Three weeks into the government shutdown, you’ve no doubt heard that our national parks have turned into dangerous, poop-filled wastelands. “National Parks Transform into Wild West — Heavily Populated and Barely Supervised,” read one Washington Post headline. “National parks are America’s public lands, but right now they’re America’s trashcans,” said National Geographic.
Our national parks are indeed in a bind, and some are facing immense pressures as they try to remain open with limited resources while the shutdown persists. But they are not exactly the post-apocalyptic dystopias that the media seems to think. And under new shutdown guidelines established by the Trump administration, our parks have been rightfully spared from serving as pawns in Washington’s partisan budget battles as they did in the past.
Under a contingency plan created by the administration, park officials are allowed to keep sites accessible to visitors during the shutdown with skeletal staffs, rather than being forced to close them as was the case during the 2013 government shutdown presided over by President Obama.
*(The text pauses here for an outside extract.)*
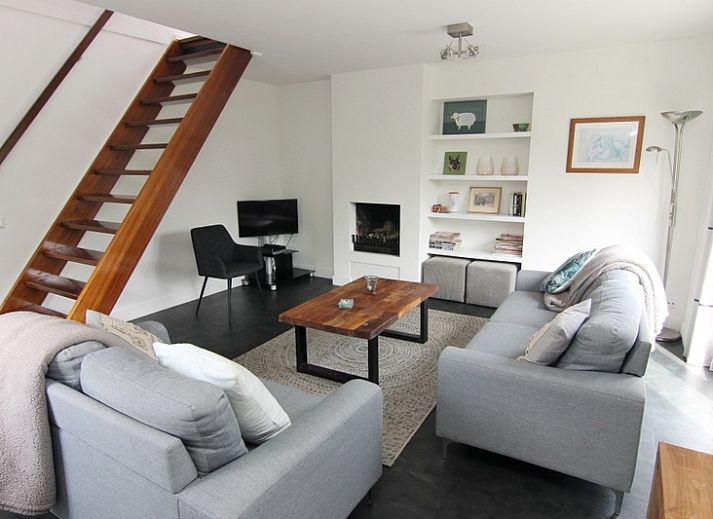 Vakantiehuis A 351 in De Cocksdorp, Texel biedt een moderne buitenkant met ruime tuin, ideaal voor een ontspannen verblijf op de Waddeneilanden.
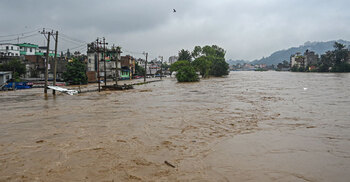 Nepal flood death toll rises to 101 with 64 missing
That means many important visitor activities and park operations — from snow-coach rides in Yellowstone run by private concessionaires to guided battlefield tours of Gettysburg — can continue yielding economic benefits for the surrounding communities. This week, the National Park Service also announced it will begin tapping unspent visitor-fee revenues to bolster operations at some parks.
These new plans are attracting criticism in the familiar anything-Trump-does-must-be-bad vein. Theresa Pierno of the National Parks Conservation Association slammed the administration’s decision to keep parks open, calling it “unrealistic and dangerous,” even though the NPCA repeatedly called for parks to be reopened during the 2013 shutdown. Representative Raúl Grijalva, the new Democratic chairman of the House Natural Resources Committee, pledged to hold hearings on the administration’s decision to support park operations with fee revenues.
This criticism is mostly just partisanship disguised as outrage over parks. First, the Trump administration’s contingency plan doesn’t mandate that parks keep their gates open regardless of the consequences. Rather, it gives park superintendents the option to keep areas open, as well as to continue allowing private concessionaires to operate within the parks they run. This differs markedly from the Obama administration’s shutdown plan, which required even privately run operations within parks that do not rely on congressional appropriations to close.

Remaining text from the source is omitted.